When Should I Incorporate My Startup Or Small Business?

When to incorporate

When is time to incorporate your Startup or Small Business?   

We've all heard the pros and cons of incorporating. But is there a better time to go ahead and incorporate?  Or is today as good a day as any?    

The answer: it depends.    

I know that's probably not the answer you were looking for, but in actuality, there are a few variables that can swing your decision in either direction.    

Legal Risk:

As you probably already know, an incorporated company is a separate legal entity. This means that the corporation is liable and responsible for their own actions and is independent from you (in most cases).  If your business is in an industry or space where there is little legal risk, you may not be in a rush to incorporate if the other options below don't heavily favour incorporation either.    

But, if your corporation is in a field where legal liability is high, you may want to incorporate, irregardless of the variables below, because liability issues can sink a growing company fast.  In essence, if an issue occurs and you are not incorporated - you can be sued and your personal assets are at risk (your home, your personal bank accounts, etc.).  If an issue occurs and you are incorporated - the corporation is sued, and in my cases - it stops there. Your corporate assets are at risk, this is true, but your personal assets are shielded.    

Disclaimer: This is ideally the case, but there are times when the corporation cannot shield your personal assets, such as when fraud or negligence is involved. It would be prudent to discuss this with a lawyer first.    

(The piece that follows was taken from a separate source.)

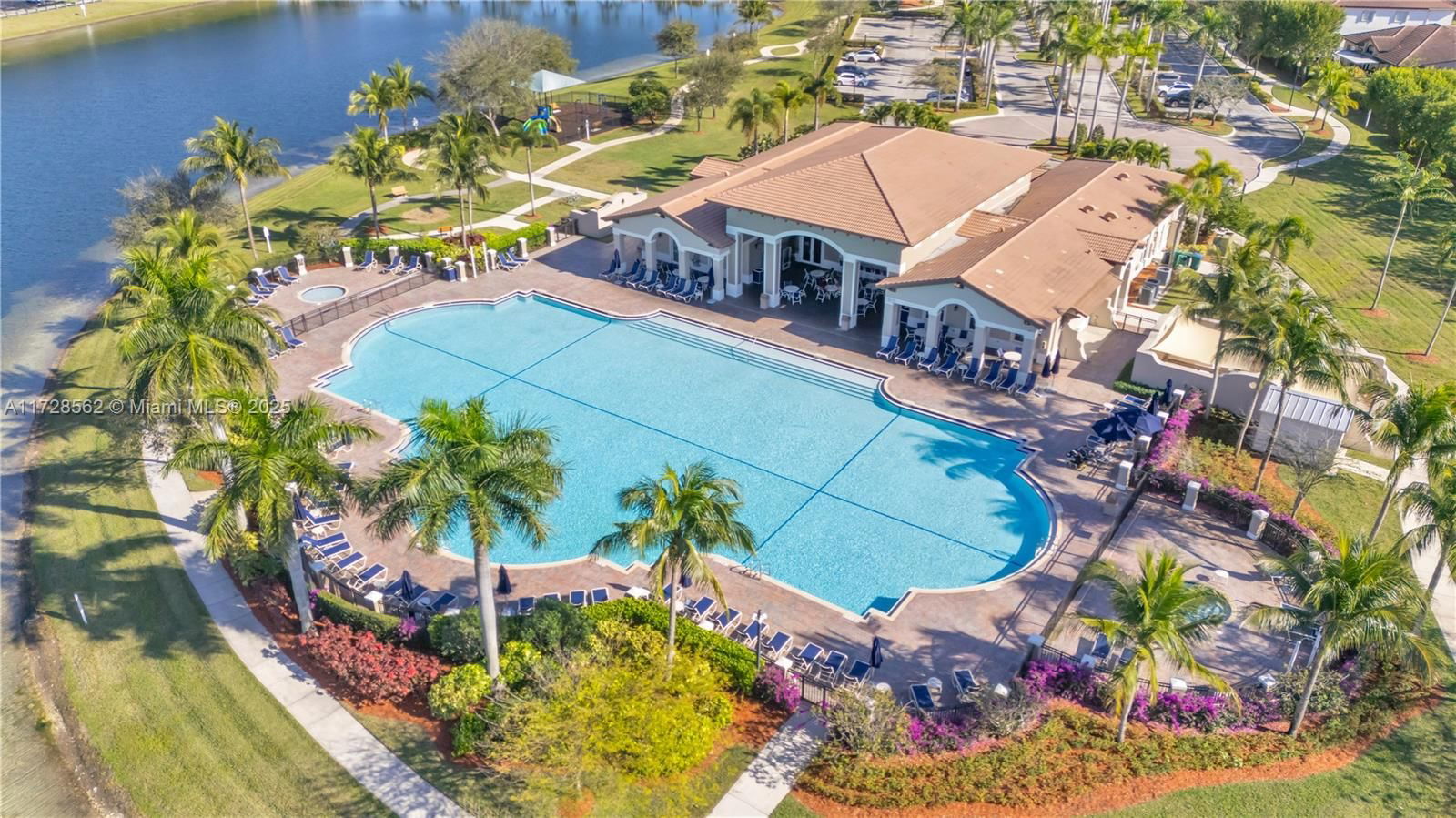Real estate property located at 9112 227th Ter, Miami-dade, Lakes By The Bay Faye Rep, Cutler Bay, FL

Some background first: An incorporated company is a separate legal entity and has to to file their own corporate tax return. An unincorporated company (sole proprieroship/self-employed) is an extension of you, and as such, the income and expenses of this company are recorded on your own personal tax return.     In the initial startup phase, many companies incur losses at first (i.e. Expenses are higher than income).

If you are unincorporated, those losses can be used to reduce other types of income on your personal tax return. In a corporation, those losses are trapped in the corporation and can only reduce income from within the corporation. So, if the corporation is not producing income, those expenses are not saving you any money at first. The good thing is that these losses can be  carried forward to reduce income in subsequent years.    

Decide whether you need these losses to reduce your personal taxes or if you're better off incorporating now and utilizing these losses in future years when your startup starts to earn income.    


One of the driving factors of incorporation are tax savings. Corporations in Canada pay a much lower tax rate than individuals would (in many cases). People run to incorporate for this reason alone, without understanding the exact idea behind it.     In simple terms, a corporation in Ontario is taxed at 15.5%. If your net income is $100,000, your corporation would owe tax of $15,500.  Personally, it would be much more than that, close to double.     Incorporating looks like a clear winner here.    

But wait.    

If you, personally (as shareholder of the corporation), need that money to live on, and you withdraw the funds from the corporation to live (pay bills, travel, etc.), then that money coming to you is considered income and is taxed at your personal rate (depending on how much you withdraw).  If you were to withdraw everything, the combination of taxes paid at the corporate level and at your personal level will almost equate to you earning that income personally.  But, if you were to leave/retain some or all of that money in the corporation, then the corporation is paying it's 15.5% rate and nothing more.  So, you really need to assess your cash requirements personally and compare that to the income you are/may be making in the corporation to truly understand whether it's time to incorporate for tax reasons.    

Income Splitting: 

Depending on your corporate structure and stage in life, corporations provide owners with the ability to split income with family members, which helps reduce the overall tax burden.  This strategy can get complex, but with the right advice and execution, there is money to be saved.    

This is by no means an exhaustive list. There are even more options to consider too, such as: If certain assets are involved (like intellectual property), if you are thinking of issuing stock options, taking advantage of capital gains exemptions, if you are seeking angel or venture capital funding and more.